Data →
[Start of Attachment]

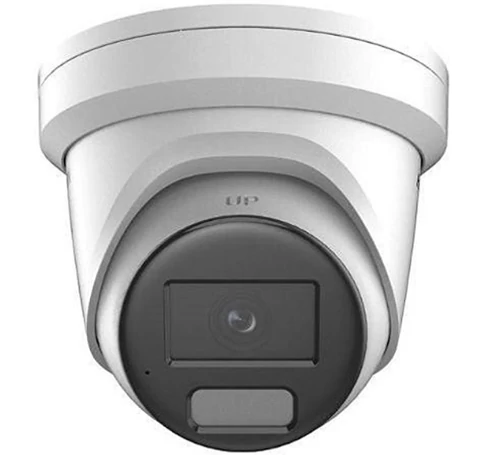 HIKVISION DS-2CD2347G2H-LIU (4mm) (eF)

[End of Attachment]
[Start of Attachment]

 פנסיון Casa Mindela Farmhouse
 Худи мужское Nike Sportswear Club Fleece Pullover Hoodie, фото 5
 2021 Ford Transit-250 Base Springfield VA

[End of Attachment]

Assignment →
Begin at the line that has "Худи мужское Nike" in the entries above; stop after the line that has "2021 Ford Transit-250 Base Springfield VA". Transcribe exactly those lines and no others.

Expected answer →
 Худи мужское Nike Sportswear Club Fleece Pullover Hoodie, фото 5
 2021 Ford Transit-250 Base Springfield VA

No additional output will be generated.